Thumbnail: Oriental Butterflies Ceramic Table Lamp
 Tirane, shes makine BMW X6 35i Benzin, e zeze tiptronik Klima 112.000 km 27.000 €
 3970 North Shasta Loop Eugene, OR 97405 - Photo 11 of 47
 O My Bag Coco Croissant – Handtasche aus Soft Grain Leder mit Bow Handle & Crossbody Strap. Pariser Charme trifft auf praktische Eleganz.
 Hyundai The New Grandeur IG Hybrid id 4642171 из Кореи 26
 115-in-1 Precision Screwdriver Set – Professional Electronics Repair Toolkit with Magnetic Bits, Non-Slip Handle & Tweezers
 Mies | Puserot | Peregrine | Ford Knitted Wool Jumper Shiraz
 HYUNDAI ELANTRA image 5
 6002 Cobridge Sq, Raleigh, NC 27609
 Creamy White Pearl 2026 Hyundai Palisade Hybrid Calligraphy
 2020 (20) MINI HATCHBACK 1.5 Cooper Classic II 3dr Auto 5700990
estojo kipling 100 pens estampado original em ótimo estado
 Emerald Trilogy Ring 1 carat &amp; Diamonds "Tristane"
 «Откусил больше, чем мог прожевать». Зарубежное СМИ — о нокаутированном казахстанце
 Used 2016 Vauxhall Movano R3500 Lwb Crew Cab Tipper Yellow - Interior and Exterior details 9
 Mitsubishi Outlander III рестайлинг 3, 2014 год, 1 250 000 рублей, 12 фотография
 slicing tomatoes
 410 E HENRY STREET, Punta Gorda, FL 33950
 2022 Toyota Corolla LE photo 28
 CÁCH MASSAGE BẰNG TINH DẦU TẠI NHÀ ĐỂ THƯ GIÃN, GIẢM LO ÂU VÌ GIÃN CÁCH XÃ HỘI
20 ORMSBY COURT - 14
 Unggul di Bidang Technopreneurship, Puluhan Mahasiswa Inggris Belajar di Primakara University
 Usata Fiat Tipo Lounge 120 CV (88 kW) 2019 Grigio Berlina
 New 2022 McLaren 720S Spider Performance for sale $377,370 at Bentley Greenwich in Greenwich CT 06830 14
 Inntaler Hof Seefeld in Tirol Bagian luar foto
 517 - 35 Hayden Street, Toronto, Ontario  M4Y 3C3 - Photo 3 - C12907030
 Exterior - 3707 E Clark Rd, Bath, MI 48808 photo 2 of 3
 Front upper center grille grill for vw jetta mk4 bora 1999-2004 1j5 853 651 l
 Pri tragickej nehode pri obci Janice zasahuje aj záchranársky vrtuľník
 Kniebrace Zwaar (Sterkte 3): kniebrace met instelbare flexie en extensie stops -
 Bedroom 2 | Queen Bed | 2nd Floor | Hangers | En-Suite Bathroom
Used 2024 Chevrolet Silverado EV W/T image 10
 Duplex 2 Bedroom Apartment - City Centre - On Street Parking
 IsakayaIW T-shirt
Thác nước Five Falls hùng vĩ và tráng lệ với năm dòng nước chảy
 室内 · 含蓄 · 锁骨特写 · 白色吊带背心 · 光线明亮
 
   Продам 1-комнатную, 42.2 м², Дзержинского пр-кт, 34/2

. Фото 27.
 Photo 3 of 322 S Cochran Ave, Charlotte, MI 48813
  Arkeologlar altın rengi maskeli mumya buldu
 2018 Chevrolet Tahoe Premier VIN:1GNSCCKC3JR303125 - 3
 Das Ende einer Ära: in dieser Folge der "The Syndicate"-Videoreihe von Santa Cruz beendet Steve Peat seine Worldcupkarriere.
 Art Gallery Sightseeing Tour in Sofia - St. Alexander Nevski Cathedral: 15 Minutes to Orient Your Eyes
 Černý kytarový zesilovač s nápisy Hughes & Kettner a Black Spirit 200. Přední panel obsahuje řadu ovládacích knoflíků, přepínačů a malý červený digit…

········

→ EXERCISE INSTRUCTIONS
What must be transcribed is the run of lines from the one containing "517 - 35 Hayden" to the last line of the data above, inclusive, and only that.

→ THE ANSWER
 517 - 35 Hayden Street, Toronto, Ontario  M4Y 3C3 - Photo 3 - C12907030
 Exterior - 3707 E Clark Rd, Bath, MI 48808 photo 2 of 3
 Front upper center grille grill for vw jetta mk4 bora 1999-2004 1j5 853 651 l
 Pri tragickej nehode pri obci Janice zasahuje aj záchranársky vrtuľník
 Kniebrace Zwaar (Sterkte 3): kniebrace met instelbare flexie en extensie stops -
 Bedroom 2 | Queen Bed | 2nd Floor | Hangers | En-Suite Bathroom
Used 2024 Chevrolet Silverado EV W/T image 10
 Duplex 2 Bedroom Apartment - City Centre - On Street Parking
 IsakayaIW T-shirt
Thác nước Five Falls hùng vĩ và tráng lệ với năm dòng nước chảy
 室内 · 含蓄 · 锁骨特写 · 白色吊带背心 · 光线明亮
 
   Продам 1-комнатную, 42.2 м², Дзержинского пр-кт, 34/2

. Фото 27.
 Photo 3 of 322 S Cochran Ave, Charlotte, MI 48813
  Arkeologlar altın rengi maskeli mumya buldu
 2018 Chevrolet Tahoe Premier VIN:1GNSCCKC3JR303125 - 3
 Das Ende einer Ära: in dieser Folge der "The Syndicate"-Videoreihe von Santa Cruz beendet Steve Peat seine Worldcupkarriere.
 Art Gallery Sightseeing Tour in Sofia - St. Alexander Nevski Cathedral: 15 Minutes to Orient Your Eyes
 Černý kytarový zesilovač s nápisy Hughes & Kettner a Black Spirit 200. Přední panel obsahuje řadu ovládacích knoflíků, přepínačů a malý červený digit…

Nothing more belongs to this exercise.